59. The judgment of the Court of Appeal was influenced by the view, expressed by Lord Phillips MR in paragraph 70, that a "particularly rigorous examination of the decision" was required because "important human rights are in play". If the question was whether or not Germany would return the applicant to the possibility of persecution, contrary to the Geneva Convention, I would certainly accept that very close scrutiny of the decision was appropriate. In this case, however, it is accepted by the applicant that the German authorities will examine his claim in accordance with the Convention. While therefore I entirely accept that Mr Zeqiri's wish to remain in the United Kingdom is an important matter to be taken into account, I do not think that it justifies the courts in placing unnecessary obstacles in the way of the administration of the Dublin Convention.
60. I would allow the appeal and dismiss the application.
61. I have had the advantage of reading in draft the speech of my noble and learned friend, Lord Hoffmann. I agree with it, and for the reasons he gives I too would allow the appeal.LORD RODGER OF EARLSFERRY
62. I have had the advantage of reading the speeches of my noble and learned friends Lord Mackay of Clashfern and Lord Hoffmann in draft. For the reasons which they give, I too would allow the appeal.

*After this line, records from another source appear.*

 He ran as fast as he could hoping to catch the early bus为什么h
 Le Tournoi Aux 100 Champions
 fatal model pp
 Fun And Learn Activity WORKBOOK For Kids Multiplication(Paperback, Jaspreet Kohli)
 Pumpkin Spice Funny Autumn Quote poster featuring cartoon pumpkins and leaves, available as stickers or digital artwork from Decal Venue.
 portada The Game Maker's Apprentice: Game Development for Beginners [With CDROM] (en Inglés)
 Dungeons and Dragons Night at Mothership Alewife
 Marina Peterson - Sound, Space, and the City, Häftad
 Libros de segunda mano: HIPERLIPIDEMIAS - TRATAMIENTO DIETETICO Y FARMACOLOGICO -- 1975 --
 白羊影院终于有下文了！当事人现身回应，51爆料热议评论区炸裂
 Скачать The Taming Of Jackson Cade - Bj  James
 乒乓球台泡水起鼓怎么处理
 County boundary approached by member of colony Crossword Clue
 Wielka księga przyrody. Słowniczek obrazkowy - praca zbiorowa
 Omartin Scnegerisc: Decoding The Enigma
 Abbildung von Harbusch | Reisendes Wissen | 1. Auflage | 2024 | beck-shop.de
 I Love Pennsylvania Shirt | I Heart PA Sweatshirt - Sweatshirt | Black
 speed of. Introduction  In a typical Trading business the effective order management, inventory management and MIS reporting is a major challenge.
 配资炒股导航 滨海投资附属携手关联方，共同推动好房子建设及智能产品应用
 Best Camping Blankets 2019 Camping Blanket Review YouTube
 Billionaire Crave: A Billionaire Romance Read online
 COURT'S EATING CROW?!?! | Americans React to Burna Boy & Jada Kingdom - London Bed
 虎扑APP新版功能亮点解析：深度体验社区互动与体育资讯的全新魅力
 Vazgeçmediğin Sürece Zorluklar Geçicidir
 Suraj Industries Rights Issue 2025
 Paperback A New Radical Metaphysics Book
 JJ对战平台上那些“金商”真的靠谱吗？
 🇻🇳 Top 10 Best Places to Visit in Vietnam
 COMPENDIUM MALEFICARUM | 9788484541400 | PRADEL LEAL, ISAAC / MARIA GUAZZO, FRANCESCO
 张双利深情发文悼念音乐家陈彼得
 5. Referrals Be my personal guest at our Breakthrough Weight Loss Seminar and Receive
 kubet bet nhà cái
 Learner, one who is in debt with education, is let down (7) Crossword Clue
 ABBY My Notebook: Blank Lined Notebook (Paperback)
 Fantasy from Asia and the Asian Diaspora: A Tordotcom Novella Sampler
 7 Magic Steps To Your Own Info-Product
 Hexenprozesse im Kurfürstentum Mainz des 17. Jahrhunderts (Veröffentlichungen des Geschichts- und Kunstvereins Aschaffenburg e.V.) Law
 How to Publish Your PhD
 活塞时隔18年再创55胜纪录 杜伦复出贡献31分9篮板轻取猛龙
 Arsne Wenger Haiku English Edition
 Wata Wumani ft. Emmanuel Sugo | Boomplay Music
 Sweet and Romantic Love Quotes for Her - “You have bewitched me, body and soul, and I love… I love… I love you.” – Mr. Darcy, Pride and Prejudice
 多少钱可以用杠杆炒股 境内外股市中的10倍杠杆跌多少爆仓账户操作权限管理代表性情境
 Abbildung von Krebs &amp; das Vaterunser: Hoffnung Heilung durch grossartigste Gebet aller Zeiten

63. The point which has troubled me most is what happened when the Court of Appeal gave judgment in the Besnik Gashi  INLR 276 case. We were shown a note taken by a pupil who was present. I confess that I have not found it as easy as Lord Hoffmann to affirm that the only conclusion which anyone in court could have drawn from Miss Giovanetti's indication that she did not want a stay was that she did not think that the judgment required the Secretary of State to determine the substantive applications. While that might indeed have been plain if nothing more had been said, it is by no means so clear when the answer is considered against the preceding exchanges between Mr Dias and Buxton LJ and between Buxton LJ and Miss Giovanetti. Indeed, in the light of those exchanges, I even wonder whether the judges and the opposing counsel actually drew that conclusion from what she said. If they did, I find it surprising that they said nothing.
64. On the other hand, I accept that the inference identified by Lord Hoffmann is certainly one way - and indeed probably the best way - of interpreting that particular reply by Miss Giovanetti. In these circumstances, even if there is an element of doubt, what she said in court cannot in itself constitute the kind of "clear and unambiguous representation" on behalf of the Secretary of State upon which it would have been reasonable for the respondent to rely: R v Devon County Council, Ex p Baker  1 All ER 73, 88F per Simon Brown LJ. Her statements could therefore not in themselves be a sound basis for any legitimate expectation that the Secretary of State would determine the substantive applications for asylum of persons such as the applicant. Furthermore, I find nothing in the later exchanges between the Secretary of State's representatives and the lawyers for the parties concerned which would found a legitimate expectation of that kind.